Sebastian Zimmeck, a post-doctoral associate who designed and implemented this system with Sadeh, will present their findings Nov. 17-19 at the AAAI Fall Symposium on Privacy and Language Technologies in Arlington, Va.

A number of federal and state laws require mobile apps to have privacy policies, such as the Children’s Online Privacy Protection Act (COPPA) for mobile apps directed at children that collect personally identifiable information. However, CalOPPA requires privacy policies for any mobile app that collects personally identifiable information, regardless of whether it is directed at children or adults. Delaware has a similar law. Those state laws effectively serve as a minimum privacy threshold because app publishers usually don’t market state-specific apps.

Sadeh’s group is collaborating with the California Office of the Attorney General to use a customized version of its system to check for compliance with CalOPPA and to assess the effectiveness of CalOPPA and “Do Not Track” legislation.

"Just because the automated system finds a possible privacy requirement inconsistency in an app does not mean that a problem necessarily exists," Sadeh emphasized.

It’s possible that when the system looks for the privacy policy it fails to find it — the system currently looks at the app store, the company’s website and also scans the code of the app. It is also possible that when it analyzes the app’s source code it may make mistaken assumptions about how the code handles personal information.

"That’s why a human would need to validate findings by the automated system before any enforcement or corrective action took place," Sadeh said.

Nevertheless, with substantially more than a million apps already in Google Play and the number growing by the day, such a system might help developers detect problems with their apps before they are marketed and could help make spotting violators of laws a more manageable task for regulators and privacy activists.

The automated system uses natural language processing and machine learning to analyze the text of privacy policies.
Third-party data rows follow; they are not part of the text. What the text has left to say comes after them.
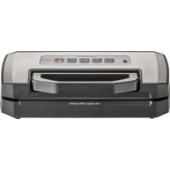 Вакуумный упаковщик CASO VRH 490 advanced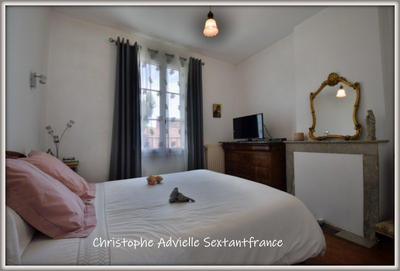 Maison - 136 m² - 6 pièces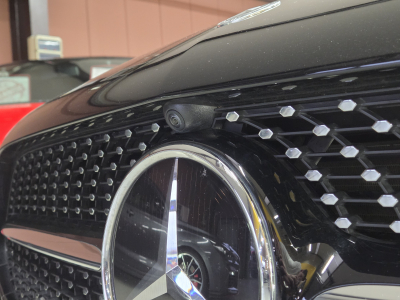 Mercedes-Benz A 250 AMG-LINE 7G-DCT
It then examines the app’s computer code to see whether its behavior suggests it shares personal information and therefore should have a privacy policy. It also checks whether the app’s data collection and sharing behavior is consistent with an existing privacy policy.

This approach is far faster than any human review. Two years ago, for instance, 1,200 apps were reviewed in a week’s time by the joint efforts of 26 international privacy enforcement agencies. The Carnegie Mellon system, by comparison, was able to review almost 18,000 in about 31 hours, or about 6 seconds per app.
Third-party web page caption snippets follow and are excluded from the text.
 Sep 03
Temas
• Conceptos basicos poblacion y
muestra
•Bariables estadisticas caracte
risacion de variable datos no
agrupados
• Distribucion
"With a few servers, we should be able to scan all the free apps in the Google Play store every month," Sadeh said.

It would still require a lot of manpower to systematically review those apps flagged by the automated system, however. Instead, the system could be used to assign scores to apps and help regulators focus on the seemingly most egregious ones. This could result in letters or emails being sent to developers asking for clarification.

"Some discrepancies are to be expected because not all developers are sophisticated about privacy," Sadeh said.

For instance, one common error is to build an app that uses Google Maps, but fail to mention the processing of location information in the related privacy policy.

"Whenever you’re using Google Maps," he noted, "you’re effectively sharing personal information with Google."

The National Science Foundation, the Defense Advanced Research Projects Agency and the Air Force Research Laboratory supported this work. In addition to Sadeh, the researchers included Sebastian Zimmeck, Ziqi Wang, Lieyong Zou, Florian Schaub, Shomir Wilson and Bin Liu of Carnegie Mellon’s School of Computer Science, as well as Steven M. Bellovin of Columbia University, Roger Iyengar of Washington University of St. Louis and Joel Reidenberg of the Fordham University School of Law.